Multivariable calculus involves dealing with functions of more than one variable. Typically, you work with functions like \( f(x, y) \) or \( z = \ln\left(\frac{x}{y}\right) \), where you have to consider how changes in multiple inputs affect the output.

This type of calculus extends single-variable calculus by allowing you to

• Compute partial derivatives, which are like regular derivatives but for one variable at a time.
• Understand surfaces and gradients, giving insight into the curvature of surfaces and their steepest ascent directions.

Understanding partial derivatives is crucial, as they provide information on how each variable separately affects the function. For example, in our original exercise, finding \( \frac{\partial z}{\partial x} \) and \( \frac{\partial z}{\partial y} \) helps us understand how the ratios of \( x \) and \( y \) contribute to the value of \( z \). By treating each variable independently, you can analyze the multidimensional shape's different aspects.

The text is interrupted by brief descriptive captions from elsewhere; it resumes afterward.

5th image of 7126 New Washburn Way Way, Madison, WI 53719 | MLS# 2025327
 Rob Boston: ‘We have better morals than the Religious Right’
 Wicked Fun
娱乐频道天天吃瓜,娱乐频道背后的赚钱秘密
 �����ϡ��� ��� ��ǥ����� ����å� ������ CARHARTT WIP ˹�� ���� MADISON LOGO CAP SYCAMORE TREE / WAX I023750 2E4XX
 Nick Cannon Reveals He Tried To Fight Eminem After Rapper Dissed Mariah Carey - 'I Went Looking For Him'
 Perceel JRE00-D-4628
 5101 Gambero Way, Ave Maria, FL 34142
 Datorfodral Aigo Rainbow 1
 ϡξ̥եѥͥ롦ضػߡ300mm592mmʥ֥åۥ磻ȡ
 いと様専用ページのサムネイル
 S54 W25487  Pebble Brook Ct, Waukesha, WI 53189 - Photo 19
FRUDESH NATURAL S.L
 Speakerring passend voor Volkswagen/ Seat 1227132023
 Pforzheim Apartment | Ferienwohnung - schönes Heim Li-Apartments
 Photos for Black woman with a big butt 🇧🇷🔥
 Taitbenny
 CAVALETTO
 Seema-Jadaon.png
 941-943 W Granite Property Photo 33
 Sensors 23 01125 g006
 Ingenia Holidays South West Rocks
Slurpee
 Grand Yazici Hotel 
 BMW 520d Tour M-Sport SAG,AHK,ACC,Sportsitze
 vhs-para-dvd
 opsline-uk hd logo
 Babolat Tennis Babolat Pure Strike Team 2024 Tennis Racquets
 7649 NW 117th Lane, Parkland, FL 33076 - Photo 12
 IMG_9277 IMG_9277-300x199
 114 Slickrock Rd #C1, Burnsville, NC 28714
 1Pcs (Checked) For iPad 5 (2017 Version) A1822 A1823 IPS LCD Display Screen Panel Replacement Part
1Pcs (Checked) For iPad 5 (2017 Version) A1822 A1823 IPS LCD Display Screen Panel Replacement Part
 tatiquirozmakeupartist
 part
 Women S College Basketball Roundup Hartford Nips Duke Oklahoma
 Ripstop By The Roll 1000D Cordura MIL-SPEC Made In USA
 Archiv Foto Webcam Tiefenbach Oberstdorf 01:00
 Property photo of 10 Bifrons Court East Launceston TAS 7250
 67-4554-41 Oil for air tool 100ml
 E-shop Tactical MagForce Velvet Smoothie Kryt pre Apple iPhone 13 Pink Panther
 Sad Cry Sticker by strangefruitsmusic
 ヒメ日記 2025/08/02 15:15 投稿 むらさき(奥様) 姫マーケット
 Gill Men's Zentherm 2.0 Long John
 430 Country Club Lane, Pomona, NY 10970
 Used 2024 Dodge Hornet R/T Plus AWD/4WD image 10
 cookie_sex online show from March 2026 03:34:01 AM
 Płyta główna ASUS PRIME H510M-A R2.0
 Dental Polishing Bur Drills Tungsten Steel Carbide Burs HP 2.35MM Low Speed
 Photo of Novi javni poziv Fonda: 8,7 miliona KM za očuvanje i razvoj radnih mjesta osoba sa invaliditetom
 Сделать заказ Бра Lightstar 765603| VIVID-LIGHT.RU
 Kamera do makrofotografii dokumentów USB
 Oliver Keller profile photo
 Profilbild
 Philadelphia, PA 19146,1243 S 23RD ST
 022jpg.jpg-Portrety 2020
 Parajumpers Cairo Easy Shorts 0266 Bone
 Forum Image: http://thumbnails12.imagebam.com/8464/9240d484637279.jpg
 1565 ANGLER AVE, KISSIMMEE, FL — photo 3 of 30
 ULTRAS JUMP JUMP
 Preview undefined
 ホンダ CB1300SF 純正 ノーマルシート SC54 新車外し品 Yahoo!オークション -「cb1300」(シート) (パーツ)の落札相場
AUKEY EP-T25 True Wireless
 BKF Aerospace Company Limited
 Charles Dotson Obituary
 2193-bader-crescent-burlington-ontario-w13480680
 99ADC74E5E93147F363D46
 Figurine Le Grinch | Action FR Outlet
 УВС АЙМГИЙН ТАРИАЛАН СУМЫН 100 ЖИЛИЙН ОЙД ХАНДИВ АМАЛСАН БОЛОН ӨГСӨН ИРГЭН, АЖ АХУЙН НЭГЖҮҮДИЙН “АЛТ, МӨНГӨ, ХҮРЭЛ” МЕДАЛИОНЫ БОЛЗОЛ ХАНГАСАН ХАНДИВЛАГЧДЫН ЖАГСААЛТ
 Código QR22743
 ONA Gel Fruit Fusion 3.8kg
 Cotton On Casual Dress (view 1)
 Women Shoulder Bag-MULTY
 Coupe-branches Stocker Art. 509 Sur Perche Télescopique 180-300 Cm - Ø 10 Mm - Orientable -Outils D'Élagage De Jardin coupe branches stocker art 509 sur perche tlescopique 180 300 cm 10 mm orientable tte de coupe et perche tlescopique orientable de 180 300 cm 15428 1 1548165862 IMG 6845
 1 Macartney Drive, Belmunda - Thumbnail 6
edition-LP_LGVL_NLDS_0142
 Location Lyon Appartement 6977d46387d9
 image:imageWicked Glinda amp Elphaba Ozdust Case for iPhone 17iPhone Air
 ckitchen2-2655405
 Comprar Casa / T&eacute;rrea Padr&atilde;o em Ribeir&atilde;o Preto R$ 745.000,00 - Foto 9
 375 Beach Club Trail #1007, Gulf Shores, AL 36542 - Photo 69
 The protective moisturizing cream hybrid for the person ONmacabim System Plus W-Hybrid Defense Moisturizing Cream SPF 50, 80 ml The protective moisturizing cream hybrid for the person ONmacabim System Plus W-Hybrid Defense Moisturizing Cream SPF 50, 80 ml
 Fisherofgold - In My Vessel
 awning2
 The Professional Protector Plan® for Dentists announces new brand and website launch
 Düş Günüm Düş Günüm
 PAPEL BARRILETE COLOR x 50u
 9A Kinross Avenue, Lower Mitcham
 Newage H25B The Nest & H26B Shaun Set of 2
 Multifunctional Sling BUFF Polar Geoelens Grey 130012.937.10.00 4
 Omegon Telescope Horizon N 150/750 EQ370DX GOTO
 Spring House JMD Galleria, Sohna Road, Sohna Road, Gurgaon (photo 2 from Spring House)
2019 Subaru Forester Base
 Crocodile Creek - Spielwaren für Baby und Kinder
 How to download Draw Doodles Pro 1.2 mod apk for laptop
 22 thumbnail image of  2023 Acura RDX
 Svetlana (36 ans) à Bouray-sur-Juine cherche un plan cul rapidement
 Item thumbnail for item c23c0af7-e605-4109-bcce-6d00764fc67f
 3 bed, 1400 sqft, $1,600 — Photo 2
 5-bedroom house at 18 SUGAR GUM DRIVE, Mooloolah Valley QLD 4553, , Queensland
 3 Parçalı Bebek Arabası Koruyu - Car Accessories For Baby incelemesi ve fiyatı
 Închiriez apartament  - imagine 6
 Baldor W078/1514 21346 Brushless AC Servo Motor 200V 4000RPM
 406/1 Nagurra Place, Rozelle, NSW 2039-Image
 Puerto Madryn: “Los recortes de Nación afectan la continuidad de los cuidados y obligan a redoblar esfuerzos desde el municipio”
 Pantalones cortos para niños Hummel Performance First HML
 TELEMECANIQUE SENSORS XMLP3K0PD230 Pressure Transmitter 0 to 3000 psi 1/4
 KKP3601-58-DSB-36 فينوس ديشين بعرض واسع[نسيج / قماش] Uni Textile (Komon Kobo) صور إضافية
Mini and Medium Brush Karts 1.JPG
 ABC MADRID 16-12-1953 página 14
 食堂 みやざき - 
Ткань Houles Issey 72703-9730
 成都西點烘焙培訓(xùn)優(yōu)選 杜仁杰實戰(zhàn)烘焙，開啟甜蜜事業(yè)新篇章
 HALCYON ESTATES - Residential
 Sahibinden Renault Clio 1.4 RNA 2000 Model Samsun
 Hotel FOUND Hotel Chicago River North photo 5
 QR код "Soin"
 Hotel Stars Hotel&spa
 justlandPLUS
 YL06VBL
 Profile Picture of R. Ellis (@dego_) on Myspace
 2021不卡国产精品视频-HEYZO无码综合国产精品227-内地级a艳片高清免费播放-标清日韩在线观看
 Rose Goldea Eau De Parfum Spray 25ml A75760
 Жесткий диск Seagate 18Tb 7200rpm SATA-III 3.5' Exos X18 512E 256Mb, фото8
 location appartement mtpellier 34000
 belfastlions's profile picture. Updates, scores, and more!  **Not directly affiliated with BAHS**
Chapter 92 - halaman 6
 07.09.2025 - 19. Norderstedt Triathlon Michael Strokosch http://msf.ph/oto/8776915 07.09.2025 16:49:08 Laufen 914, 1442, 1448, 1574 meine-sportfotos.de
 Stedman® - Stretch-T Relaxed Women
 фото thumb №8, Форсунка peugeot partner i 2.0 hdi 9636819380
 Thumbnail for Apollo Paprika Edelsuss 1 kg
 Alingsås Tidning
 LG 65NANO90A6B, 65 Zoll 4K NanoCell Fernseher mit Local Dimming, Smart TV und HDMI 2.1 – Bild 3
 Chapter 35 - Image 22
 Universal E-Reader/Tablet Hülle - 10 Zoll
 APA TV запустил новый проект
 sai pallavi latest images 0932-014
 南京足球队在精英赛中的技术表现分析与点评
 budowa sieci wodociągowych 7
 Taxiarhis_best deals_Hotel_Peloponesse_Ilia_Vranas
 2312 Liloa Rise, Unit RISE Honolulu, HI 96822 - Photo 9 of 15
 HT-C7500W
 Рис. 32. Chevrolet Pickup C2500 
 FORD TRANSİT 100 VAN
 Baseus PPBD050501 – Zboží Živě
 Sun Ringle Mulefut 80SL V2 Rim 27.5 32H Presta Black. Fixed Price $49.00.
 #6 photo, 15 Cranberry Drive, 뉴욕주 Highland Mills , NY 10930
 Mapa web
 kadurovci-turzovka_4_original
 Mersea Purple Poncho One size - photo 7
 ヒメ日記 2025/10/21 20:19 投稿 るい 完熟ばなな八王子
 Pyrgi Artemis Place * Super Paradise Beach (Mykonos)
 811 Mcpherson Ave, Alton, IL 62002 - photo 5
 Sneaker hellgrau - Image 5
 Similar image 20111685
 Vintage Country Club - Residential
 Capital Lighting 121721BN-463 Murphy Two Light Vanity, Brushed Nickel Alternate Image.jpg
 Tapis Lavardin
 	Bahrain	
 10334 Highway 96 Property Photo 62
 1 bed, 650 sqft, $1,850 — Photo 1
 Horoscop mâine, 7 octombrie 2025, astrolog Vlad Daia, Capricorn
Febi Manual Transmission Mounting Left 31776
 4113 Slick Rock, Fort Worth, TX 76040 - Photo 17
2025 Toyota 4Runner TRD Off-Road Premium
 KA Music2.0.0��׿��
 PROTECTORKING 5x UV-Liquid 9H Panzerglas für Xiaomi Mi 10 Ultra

The chain rule is a fundamental tool in calculus used for differentiating compositions of functions. It helps when you have a function nested inside another, like \( f(g(x)) \). In multivariable calculus, you frequently encounter compositions involving multiple variables.

When calculating partial derivatives for such functions, the chain rule becomes essential. In the context of our exercise, we consider the natural logarithm of a ratio, \( \ln\left(\frac{x}{y}\right) \). By applying the chain rule, we break down this complex expression into simpler parts. First, recognize that \( z = \ln\left(\frac{x}{y}\right) = \ln(x) - \ln(y) \).

• When differentiating \( \ln(x) \), we focus on how changes in \( x \) affect \( z \), resulting in \( \frac{1}{x} \) for \( \frac{\partial z}{\partial x} \).
• The chain rule provides a systematic way to find these derivatives, ensuring accuracy and clarity.

For each part of the composition, you differentiate individually and multiply by the derivative of the inner function, if necessary. This is particularly useful for capturing the nuanced dependencies in multivariable functions.

The natural logarithm, denoted by \( \ln \), is a special logarithm with the base \( e \), where \( e \) is an irrational constant approximately equal to 2.71828. It appears frequently in calculus, mathematical modeling, and real-world scenarios, particularly involving exponential growth or decay.

In calculus, the natural logarithm is appreciated for its nice derivative properties. Specifically, the derivative of \( \ln(u) \) with respect to \( u \) is \( \frac{1}{u} \). This comes extremely handy when differentiating more complex expressions involving natural logarithms.

• For example, in \( z = \ln\left(\frac{x}{y}\right) \), to find \( \frac{\partial z}{\partial y} \), recognize that you can rewrite it as \( z = \ln(x) - \ln(y) \).
• Therefore, the derivative with respect to \( y \) is the derivative of \(-\ln(y)\), resulting in \(-\frac{1}{y} \).

This influential function simplifies exponential relations and helps interpret multiplicative processes additively. It is one of the staples in both theoretical and applied mathematics.